1) The frustration builds: Carmelo Anthony is fantastic scoring 45 for Knicks, but they still fall in 4 overtimes to Hawks. Phil Jackson apparently is so set on trading Carmelo Anthony that he may be willing to take Jamal Crawford, Austin Rivers and whatever flotsam from the Clippers it takes to make the salary numbers work out, then Jackson doesn’t want to keep Crawford. (Not that Jackson is wrong in wanting to retool around Kristaps Porzingis, but why wasn’t this the drive last summer when every Knicks fan and most around the NBA were thinking they should go down that road? Now the Knicks are looking at bad deals just to get it done fast. Amazing.) No doubt Porzingis is the future in NYC, and Sunday was making plays like this against Dwight Howard and the Atlanta Hawks.
But it was Carmelo Anthony who the Knicks best player on Sunday — he put aside the off-court distractions and played like Olympic ‘Melo. It was a veteran, professional performance. It just wasn’t enough as the Knicks fell in quadruple overtime 142-139.

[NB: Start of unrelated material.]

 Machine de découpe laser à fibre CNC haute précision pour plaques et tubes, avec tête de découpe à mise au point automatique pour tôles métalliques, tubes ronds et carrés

Anthony came out scorching hot with 17 first quarter points on just 11 shots, and he still had it at the end with 11 points in the four overtimes. He was doing it from the midrange — Anthony took just two shots in the key, but was 13-of-25 from the midrange (particularly killing it on the right baseline) during the game.
It felt like the Knicks wasted a great Anthony game, but the game itself was one of the most dramatic and entertaining of the season — 23 lead changes, 21 ties, and a dozen players scoring in double-digits (with five fouling out, including ‘Melo). Paul Millsap played 60 minutes (37 points, 19 rebounds), one of six players to log at last 48 minutes. That showed on guys, particularly Courtney Lee, who was fantastic all game but didn’t seem to have the legs on his shots when he missed a game-winner opportunity in the third OT and a couple of chances to send it to a fifth.
I can’t describe this game’s wild final 20+ minutes, so just watch the video of every made bucket late in regulation and overtime.
2) Portland almost got Golden State. But not quite. Golden State was on the second night of a back-to-back, playing without Stephen Curry, and Portland was desperate for a win to keep pace with the Denver Nuggets for the final playoffs slot in the West. The recipe was in place for the upset.
It wasn’t enough. The Warriors are the best team in the NBA right now for a reason. With the game on the line a cold-shooting Klay Thompson (6-of-21) drained a three with 37 seconds left, and when Evan Turner got the chance to give the Trail Blazers the win late, he couldn’t. It ends 113-111 Warriors. Kevin Durant dropped 33 like it was nothing.
3) Donald Trump’s immigration ban leaves NBA world unhappy, scratching its head. Safe to say there’s not a lot of love for Donald Trump around the NBA, but his executive order restricting travel from seven Muslim-majority nations left the NBA league office looking for clarification from the State Department. Sudan — including the independent South Sudan — was on the list of seven countries where people from that nation were restricted entering the USA, and there are two NBA players from there: the Lakers’ Luol Deng and the Bucks’ Thon Maker. Their situations are a little different: Deng has dual citizenship with England, Maker the same with Australia, and both have lived in the USA for many years. Still, the NBA had questions, particularly with the Bucks playing in Toronto and questions about whether Maker could get back in the country. He did.
Still, the NBA world was part of the massive backlash against the ill-conceived executive order. Spurs coach Gregg Popovich — a former Air Force man, don’t forget — had this to say (via ESPN):
“As you already know, I have lots of thoughts about what we’ve done to ourselves as a country and what we’ve allowed to happen. But we’ll see where this goes. Obviously the rollout today was Keystone Kops-like by any measure with objectivity. Whether you want to say it’s good or bad is irrelevant. But it was Keystone Kops, and that’s scary.”
Warriors coach Steve Kerr said the order was “really going against the principles that this country is about.”